Fatiha Benabbou: "Le Conseil Constitutionnel est face à une situation de fait et la constitution limite ses attributions"

DR

HuffPost Algérie: Après le constat de l’impossibilité d’organiser le scrutin, le Conseil Constitutionnel demande au chef de l’Etat de convoquer à nouveau le corps électoral. Sur quelle base constitutionnelle, le CC s’appuie pour faire une telle demande ?

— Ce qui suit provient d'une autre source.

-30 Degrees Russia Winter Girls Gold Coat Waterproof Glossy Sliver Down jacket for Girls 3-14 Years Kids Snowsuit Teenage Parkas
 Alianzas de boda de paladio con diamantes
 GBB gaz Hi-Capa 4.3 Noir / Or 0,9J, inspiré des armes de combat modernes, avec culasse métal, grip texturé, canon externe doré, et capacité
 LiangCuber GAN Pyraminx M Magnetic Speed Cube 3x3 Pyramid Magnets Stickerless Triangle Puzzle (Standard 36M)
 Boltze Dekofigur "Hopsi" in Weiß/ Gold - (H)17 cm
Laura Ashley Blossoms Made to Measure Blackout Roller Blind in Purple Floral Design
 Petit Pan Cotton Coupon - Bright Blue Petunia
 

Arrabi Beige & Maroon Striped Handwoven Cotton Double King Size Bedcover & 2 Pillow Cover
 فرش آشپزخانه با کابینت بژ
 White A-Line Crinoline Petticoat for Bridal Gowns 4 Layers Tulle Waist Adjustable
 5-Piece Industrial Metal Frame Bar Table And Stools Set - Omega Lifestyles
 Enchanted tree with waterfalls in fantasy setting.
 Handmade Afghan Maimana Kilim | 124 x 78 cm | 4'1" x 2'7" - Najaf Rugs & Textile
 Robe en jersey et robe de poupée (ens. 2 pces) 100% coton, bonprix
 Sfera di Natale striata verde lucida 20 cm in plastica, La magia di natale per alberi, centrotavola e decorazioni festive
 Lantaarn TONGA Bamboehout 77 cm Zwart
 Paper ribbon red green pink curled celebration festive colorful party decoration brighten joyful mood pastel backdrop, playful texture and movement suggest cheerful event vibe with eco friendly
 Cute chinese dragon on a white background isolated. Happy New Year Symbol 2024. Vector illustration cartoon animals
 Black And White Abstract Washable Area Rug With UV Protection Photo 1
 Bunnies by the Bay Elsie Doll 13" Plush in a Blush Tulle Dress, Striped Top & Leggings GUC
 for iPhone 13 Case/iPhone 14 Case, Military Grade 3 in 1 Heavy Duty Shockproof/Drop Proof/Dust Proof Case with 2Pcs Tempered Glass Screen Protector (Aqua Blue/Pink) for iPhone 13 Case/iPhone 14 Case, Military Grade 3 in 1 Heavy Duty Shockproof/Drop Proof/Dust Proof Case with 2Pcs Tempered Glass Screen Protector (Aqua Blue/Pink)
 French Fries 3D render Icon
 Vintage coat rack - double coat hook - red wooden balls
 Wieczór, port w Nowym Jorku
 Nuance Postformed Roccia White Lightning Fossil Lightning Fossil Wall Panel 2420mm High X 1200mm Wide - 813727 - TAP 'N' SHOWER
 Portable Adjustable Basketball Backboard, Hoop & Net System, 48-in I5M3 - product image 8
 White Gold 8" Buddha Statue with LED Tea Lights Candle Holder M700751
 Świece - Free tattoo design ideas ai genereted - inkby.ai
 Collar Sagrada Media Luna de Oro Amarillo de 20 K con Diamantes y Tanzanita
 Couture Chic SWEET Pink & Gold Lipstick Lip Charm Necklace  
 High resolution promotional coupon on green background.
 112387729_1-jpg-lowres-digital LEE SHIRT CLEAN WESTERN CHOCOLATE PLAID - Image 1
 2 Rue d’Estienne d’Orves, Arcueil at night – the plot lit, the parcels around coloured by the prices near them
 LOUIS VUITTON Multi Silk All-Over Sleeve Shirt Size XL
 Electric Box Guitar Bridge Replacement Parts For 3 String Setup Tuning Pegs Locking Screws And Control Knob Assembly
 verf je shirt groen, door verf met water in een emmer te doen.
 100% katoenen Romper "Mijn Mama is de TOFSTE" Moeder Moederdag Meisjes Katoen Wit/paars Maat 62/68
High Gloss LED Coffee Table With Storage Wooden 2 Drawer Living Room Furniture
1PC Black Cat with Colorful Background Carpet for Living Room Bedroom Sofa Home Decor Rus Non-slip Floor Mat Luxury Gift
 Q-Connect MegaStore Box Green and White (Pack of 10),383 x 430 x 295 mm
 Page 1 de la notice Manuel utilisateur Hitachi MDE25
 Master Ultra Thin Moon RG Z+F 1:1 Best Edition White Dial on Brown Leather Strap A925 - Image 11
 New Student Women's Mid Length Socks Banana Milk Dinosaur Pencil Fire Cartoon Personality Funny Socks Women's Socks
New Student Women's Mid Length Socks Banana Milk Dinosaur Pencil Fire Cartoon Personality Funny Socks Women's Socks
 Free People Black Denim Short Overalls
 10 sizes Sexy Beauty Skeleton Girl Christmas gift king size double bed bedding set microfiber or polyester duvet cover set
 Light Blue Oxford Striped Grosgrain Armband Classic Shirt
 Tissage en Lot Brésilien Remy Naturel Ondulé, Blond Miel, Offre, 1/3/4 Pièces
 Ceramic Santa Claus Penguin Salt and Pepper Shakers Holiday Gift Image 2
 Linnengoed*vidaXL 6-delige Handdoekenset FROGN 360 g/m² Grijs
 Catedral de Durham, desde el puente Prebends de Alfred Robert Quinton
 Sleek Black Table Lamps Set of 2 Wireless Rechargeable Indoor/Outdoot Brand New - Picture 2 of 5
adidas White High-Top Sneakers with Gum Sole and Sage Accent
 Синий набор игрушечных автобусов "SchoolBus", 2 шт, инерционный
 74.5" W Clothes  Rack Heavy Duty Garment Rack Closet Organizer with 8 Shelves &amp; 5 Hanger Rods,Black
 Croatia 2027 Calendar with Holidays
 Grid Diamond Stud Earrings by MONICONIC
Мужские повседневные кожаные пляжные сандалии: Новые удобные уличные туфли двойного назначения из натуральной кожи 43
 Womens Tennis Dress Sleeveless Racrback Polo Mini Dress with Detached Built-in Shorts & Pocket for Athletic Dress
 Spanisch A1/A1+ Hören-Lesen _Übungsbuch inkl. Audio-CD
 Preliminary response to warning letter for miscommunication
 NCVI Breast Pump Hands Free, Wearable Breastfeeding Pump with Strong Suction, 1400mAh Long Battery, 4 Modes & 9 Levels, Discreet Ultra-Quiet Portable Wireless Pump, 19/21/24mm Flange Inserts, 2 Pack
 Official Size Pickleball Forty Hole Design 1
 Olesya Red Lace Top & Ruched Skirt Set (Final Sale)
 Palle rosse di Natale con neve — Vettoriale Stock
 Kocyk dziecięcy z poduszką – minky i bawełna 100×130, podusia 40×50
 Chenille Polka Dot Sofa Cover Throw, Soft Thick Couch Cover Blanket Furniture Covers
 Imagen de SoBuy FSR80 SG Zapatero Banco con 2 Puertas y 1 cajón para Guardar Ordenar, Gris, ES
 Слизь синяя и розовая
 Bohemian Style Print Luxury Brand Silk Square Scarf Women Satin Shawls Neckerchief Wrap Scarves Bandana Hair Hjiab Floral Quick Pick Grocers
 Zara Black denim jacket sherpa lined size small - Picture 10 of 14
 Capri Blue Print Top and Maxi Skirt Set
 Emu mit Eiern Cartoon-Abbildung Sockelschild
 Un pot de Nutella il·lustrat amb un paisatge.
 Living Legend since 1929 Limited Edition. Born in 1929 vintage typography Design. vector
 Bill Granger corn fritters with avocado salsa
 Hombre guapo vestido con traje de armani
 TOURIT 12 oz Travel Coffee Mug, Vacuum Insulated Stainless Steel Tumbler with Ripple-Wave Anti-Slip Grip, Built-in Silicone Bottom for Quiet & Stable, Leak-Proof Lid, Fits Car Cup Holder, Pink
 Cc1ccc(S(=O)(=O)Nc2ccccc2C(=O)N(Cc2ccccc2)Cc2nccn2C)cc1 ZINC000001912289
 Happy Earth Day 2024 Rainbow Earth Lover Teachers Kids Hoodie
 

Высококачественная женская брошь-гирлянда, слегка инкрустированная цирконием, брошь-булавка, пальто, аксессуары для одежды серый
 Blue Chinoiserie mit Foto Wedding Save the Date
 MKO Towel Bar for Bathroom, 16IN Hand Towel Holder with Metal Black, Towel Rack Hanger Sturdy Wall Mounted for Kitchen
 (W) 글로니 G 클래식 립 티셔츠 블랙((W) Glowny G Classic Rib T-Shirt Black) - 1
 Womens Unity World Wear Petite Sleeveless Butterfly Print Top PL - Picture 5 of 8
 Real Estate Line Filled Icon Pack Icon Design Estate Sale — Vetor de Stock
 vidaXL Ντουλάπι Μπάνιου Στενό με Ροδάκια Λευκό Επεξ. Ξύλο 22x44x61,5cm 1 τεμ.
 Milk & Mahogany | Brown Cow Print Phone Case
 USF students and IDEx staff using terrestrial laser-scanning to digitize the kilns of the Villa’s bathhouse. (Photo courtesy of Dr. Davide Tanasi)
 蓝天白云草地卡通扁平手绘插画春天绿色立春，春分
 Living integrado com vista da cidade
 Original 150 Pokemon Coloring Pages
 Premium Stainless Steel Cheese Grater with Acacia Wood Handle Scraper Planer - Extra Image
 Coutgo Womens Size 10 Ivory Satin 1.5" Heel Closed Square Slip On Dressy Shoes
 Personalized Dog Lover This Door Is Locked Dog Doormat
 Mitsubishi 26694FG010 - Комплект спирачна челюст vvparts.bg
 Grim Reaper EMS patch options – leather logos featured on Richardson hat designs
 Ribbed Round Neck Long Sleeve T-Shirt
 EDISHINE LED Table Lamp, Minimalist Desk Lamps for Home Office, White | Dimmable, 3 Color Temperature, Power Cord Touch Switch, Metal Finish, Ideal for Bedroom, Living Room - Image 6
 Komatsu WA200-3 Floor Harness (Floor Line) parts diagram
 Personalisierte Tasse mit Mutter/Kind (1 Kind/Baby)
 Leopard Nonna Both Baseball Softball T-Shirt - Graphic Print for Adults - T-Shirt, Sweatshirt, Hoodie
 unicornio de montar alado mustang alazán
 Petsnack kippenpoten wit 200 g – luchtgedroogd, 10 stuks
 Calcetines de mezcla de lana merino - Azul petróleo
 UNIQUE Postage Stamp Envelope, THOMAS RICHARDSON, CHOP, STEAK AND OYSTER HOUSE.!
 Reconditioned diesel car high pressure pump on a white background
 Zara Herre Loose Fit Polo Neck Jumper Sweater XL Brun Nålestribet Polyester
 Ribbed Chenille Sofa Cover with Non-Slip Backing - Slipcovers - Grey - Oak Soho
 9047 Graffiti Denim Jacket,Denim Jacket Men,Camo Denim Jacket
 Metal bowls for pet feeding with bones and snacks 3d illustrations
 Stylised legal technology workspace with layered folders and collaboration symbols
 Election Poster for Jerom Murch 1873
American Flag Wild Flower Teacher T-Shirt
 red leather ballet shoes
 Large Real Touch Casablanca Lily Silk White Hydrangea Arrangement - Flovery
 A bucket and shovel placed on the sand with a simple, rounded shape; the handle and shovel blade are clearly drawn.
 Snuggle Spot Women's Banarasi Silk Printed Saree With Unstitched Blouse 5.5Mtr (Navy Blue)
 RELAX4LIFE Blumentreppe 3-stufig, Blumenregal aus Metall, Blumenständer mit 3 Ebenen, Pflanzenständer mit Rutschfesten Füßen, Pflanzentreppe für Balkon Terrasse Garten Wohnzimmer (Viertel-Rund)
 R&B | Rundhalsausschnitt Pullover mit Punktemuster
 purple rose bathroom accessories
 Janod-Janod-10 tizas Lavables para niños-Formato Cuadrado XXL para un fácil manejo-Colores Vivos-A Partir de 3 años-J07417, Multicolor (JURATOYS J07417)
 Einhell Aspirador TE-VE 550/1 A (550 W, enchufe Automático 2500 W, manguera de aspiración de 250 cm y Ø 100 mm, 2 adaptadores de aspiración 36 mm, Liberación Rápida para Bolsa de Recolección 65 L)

Fatiha Benabbou: Le conseil constitutionnel a des compétences d’attribution, c’est-à-dire qu’il ne peut pas aller au-delà du fait de la constitution. C’est pour cela que faute de candidats, il ne peut que demander au chef de l’État intérimaire de reconvoquer le corps électoral. Le CC s’appuie sur l’art 136 de la loi organique relative au corps électoral qui ne limite pas le nombre de fois où le président de la république ou le chef de l’État intérimaire, peut convoquer le corps électoral. C’est sur cette base que le conseil constitutionnel s’appuie pour faire sa demande.

 

Mais, Abdelkader Bensalah doit quitter ses fonctions le 9 juillet…

 

Justement, comme il doit quitter ses fonctions à cette date et que les élections sont de fait annulé, je pense qu’il serait judicieux de sa part, qu’il convoque à nouveau le corps électoral le 5 juillet pour permettre, durant le mois de juin, la tenue d’une conférence nationale où entamer le dialoguer entre la société civile et les personnalités politiques, afin de trouver des solutions sur la base de l’art 7 de la constitution.

 

Selon vous le Conseil Constitutionnel a pris la bonne décision ?

 

Oui, car il est devant une situation de fait et que la constitution limite ses attributions. Le Conseil Constitutionnel n’a pas le pouvoir d’interpréter toute la constitution.

 

Qui profite de cette décision ?

 

C’est difficile à dire. Tout dépend si l’on regarde le verre à moitié vide où à moitié plein. C’est le peuple qui demande le report des élections, alors que le pouvoir s’accroche au cadre constitutionnel pour la tenue dans les plus brefs délais de la présidentielle...

 

Deux thèses s’affrontent aujourd’hui : d’un côté il y’a ceux qui préconisent de s’affranchir de la constitution, alors que d’autres demandent à ce que l’on y reste arrimé…

 

Je pense que c’est un faux débat. Dans tous les pays développés, c’est le droit qui prévaut. Ces pays fonctionnent à la loi, pour éviter les rapports de force qui peuvent mener à la violence. De plus, c’est la constitution qui offre au peuple de pouvoir exercer sa souveraineté. C’est pour cela que j’ai toujours milité pour que nous restons dans la loi, qui nous permet de s’avoir où l’on va et où l’on s’arrête.